[Dataset records]

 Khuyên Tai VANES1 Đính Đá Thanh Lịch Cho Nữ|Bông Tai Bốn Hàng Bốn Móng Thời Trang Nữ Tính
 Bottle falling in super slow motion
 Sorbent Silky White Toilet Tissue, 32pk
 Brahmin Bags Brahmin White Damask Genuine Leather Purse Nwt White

[/Dataset records]
[Dataset records]

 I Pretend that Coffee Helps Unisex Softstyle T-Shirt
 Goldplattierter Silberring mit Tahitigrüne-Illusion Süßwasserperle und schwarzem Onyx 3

[/Dataset records]

• About this exercise: Looking through the data above, copy out each line in which the string "White" occurs.

• Task answer:
 Sorbent Silky White Toilet Tissue, 32pk
 Brahmin Bags Brahmin White Damask Genuine Leather Purse Nwt White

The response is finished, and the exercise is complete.